I don't need/want a key!

I have some views that I want to use EF 4.1 to query. These are specific optimized views that will not have keys to speak of; there will be no deletions, updates, just good ol'e select.
But EF wants a key set on the model. Is there a way to tell EF to move on, there's nothing to worry about?
More Details
The main purpose of this is to query against a set of views that have been optimized by size, query parameters and joins. The underlying tables have their PKs, FKs and so on. It's indexed, statiscized (that a word?) and optimized.

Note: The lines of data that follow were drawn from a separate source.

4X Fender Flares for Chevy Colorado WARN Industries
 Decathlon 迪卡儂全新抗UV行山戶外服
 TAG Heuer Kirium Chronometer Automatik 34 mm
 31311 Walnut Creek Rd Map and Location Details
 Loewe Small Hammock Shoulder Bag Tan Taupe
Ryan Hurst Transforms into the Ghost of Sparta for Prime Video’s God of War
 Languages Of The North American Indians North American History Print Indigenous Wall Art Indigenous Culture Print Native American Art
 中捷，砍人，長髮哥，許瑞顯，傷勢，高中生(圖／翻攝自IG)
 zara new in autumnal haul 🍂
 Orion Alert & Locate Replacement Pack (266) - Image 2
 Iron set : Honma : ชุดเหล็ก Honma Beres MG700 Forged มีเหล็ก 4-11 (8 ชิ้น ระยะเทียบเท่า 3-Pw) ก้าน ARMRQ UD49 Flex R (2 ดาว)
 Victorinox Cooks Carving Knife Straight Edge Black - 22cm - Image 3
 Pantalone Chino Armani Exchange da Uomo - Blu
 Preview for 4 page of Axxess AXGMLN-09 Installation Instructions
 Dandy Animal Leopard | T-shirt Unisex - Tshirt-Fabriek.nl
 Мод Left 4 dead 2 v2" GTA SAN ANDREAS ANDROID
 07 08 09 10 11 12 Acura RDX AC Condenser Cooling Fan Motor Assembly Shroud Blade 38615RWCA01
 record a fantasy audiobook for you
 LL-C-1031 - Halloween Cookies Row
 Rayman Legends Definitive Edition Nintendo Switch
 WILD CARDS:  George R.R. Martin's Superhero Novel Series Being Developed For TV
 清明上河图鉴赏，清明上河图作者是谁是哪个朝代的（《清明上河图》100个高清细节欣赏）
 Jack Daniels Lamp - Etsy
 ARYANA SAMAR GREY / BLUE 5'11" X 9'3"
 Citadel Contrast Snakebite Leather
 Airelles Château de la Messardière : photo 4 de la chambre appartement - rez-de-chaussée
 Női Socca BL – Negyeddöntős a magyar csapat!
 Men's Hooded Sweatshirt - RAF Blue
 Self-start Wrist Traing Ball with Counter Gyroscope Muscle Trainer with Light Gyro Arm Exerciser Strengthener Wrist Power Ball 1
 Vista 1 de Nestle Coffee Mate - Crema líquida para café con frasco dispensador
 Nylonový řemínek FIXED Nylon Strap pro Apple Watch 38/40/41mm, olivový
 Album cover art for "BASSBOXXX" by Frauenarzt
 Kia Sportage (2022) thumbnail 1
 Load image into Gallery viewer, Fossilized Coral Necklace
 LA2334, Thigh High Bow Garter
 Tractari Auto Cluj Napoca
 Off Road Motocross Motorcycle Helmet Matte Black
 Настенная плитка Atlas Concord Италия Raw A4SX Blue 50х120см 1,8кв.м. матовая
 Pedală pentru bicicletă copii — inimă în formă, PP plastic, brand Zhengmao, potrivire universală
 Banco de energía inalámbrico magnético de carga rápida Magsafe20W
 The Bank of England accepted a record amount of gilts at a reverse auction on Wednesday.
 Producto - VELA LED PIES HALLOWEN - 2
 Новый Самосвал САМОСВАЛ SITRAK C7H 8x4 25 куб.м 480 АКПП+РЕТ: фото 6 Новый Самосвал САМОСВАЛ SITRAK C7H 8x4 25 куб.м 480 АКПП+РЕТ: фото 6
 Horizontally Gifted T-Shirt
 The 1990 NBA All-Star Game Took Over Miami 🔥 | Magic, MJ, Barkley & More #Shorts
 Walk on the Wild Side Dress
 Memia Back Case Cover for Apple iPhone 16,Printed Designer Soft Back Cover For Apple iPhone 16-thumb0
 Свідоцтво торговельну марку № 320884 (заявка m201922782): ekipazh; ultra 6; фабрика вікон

I'd like to have a class like (this is a much smaller and simpler version of what I have...):
public MyObject //this is a view
{
Name{get;set}
Age{get;set;}
TotalPimples{get;set;}
}
and a repository, built off of EF 4.1 CF where I can just
public List<MyObject> GetPimply(int numberOfPimples)
{
return db.MyObjects.Where(d=> d.TotalPimples > numberOfPimples).ToList();
}
I could expose a key, but whats the real purpose of dislaying a 2 or 3 column natural key? That will never be used?
Current Solution
Seeming as their will be no EF CF solution, I have added a complex key to the model and I am exposing it in the model. While this goes "with the grain" on what one expects a "well designed" db model to look like, in this case, IMHO, it added nothing but more logic to the model builder, more bytes over the wire, and extra properties on a class. These will never be used.
There is no way. EF demands unique identification of the record - entity key. That doesn't mean that you must expose any additional column. You can mark all your current properties (or any subset) as a key - that is exactly how EDMX does it when you add database view to the model - it goes through columns and marks all non-nullable and non-computed columns as primary key.
You must be aware of one problem - EF internally uses identity map and entity key is unique identification in this map (each entity key can be associated only with single entity instance). It means that if you are not able to choose unique identification of the record and you load multiple records with the same identification (your defined key) they will all be represented by a single entity instance. Not sure if this can cause you any issues if you don't plan to modify these records.
EF is looking for a unique way to identify records. I am not sure if you can force it to go counter to its nature of desiring something unique about objects.
But, this is an answer to the "show me how to solve my problem the way I want to solve it" question and not actually tackling your core business requirement.
If this is a "I don't want to show the user the key", then don't bind it when you bind the data to your form (web or windows). If this is a "I need to share these items, but don't want to give them the keys" issue, then map or surrogate the objects into an external domain model. Adds a bit of weight to the solution, but allows you to still do the heavy lifting with a drag and drop surface (EF).
The question is what is the business requirement that is pushing you to create a bunch of objects without a unique identifier (key).
One way to do this would be not to use views at all.
Just add the tables to your EF model and let EF create the SQL that you are currently writing by hand.